[THE RECORDS]
◇ ◇ ◇ ◇ ◇

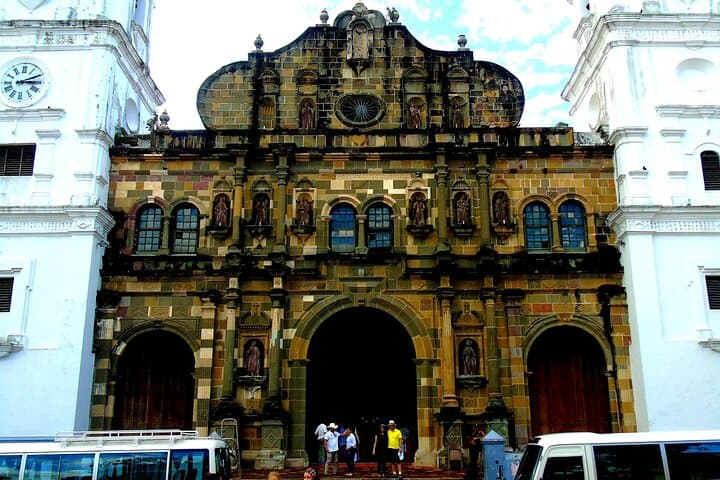 Private Fort Amador Shore Excursion — Panama City Highlights by Minibus photo 3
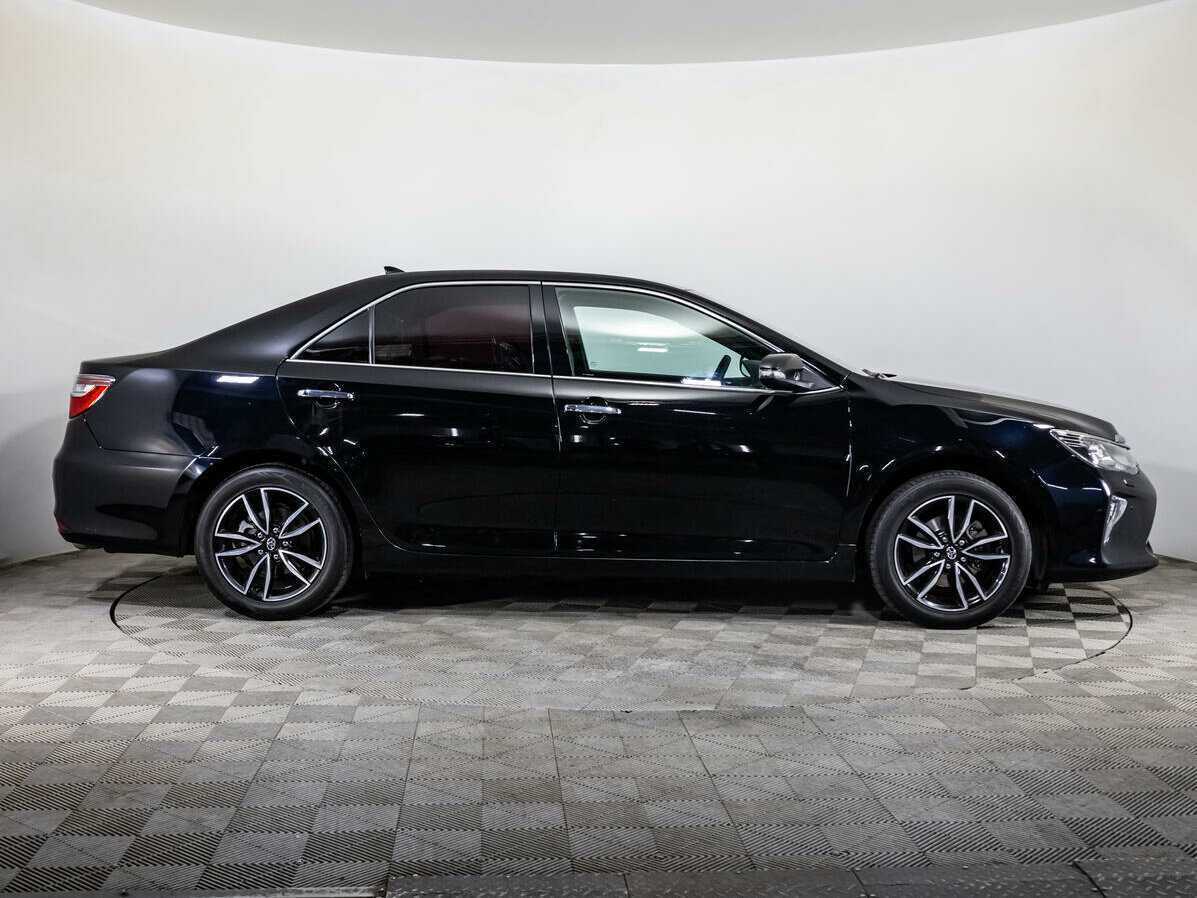 Toyota Camry с пробегом — 2017 год. Фото: #3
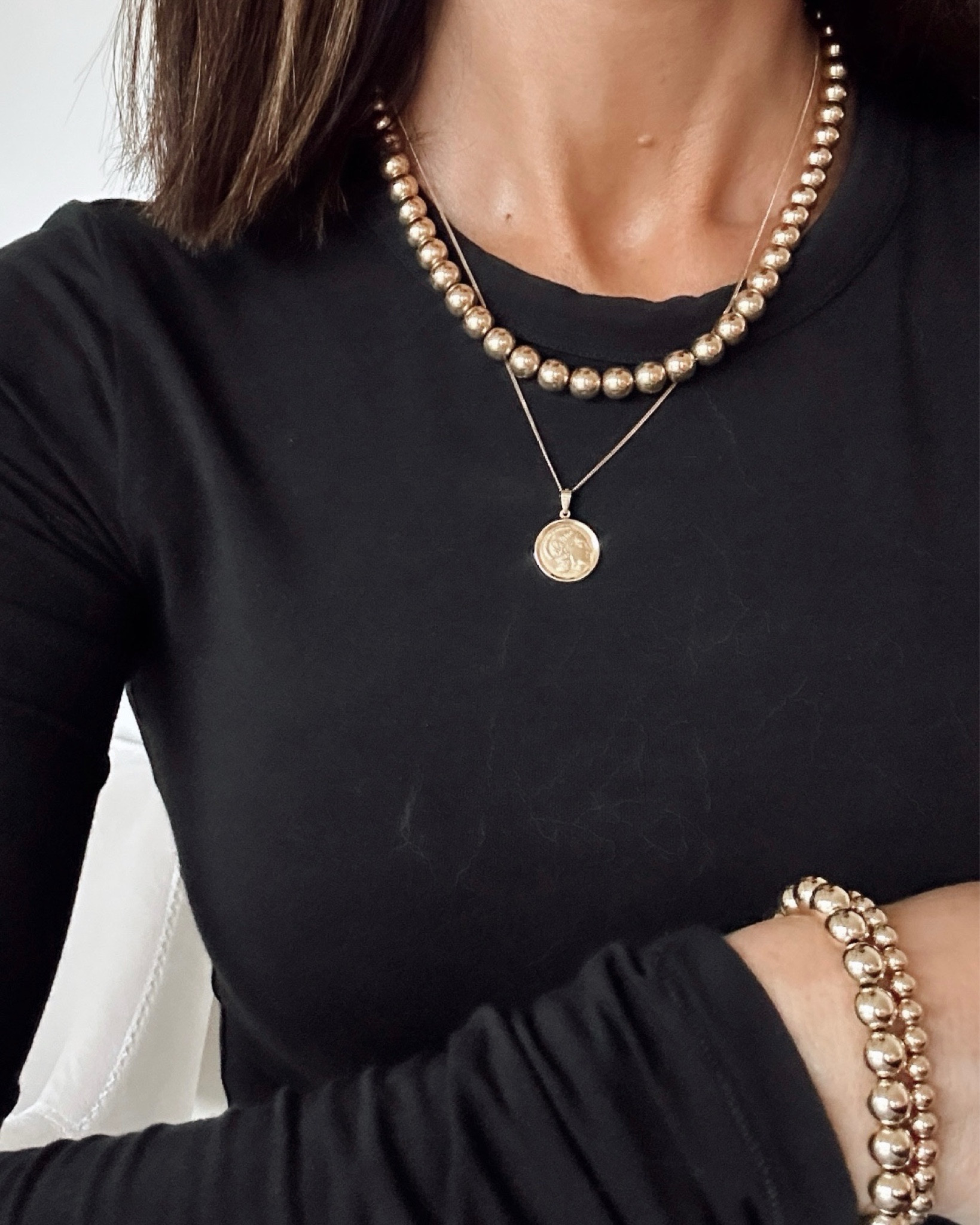 My daily jewelry stack✨
StylinByAylin, Aylin

#LTKHoliday #LTKGiftGuide #LTKSeasonal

◇ ◇ ◇ ◇ ◇

[REQUIRED ACTION]
Return exactly, and only, the lines that run from the line containing "My daily jewelry stack✨" to the last line of the entries above, both ends included, with pictures left out.

[RESPONSE TO THE EXERCISE]
 My daily jewelry stack✨
StylinByAylin, Aylin

#LTKHoliday #LTKGiftGuide #LTKSeasonal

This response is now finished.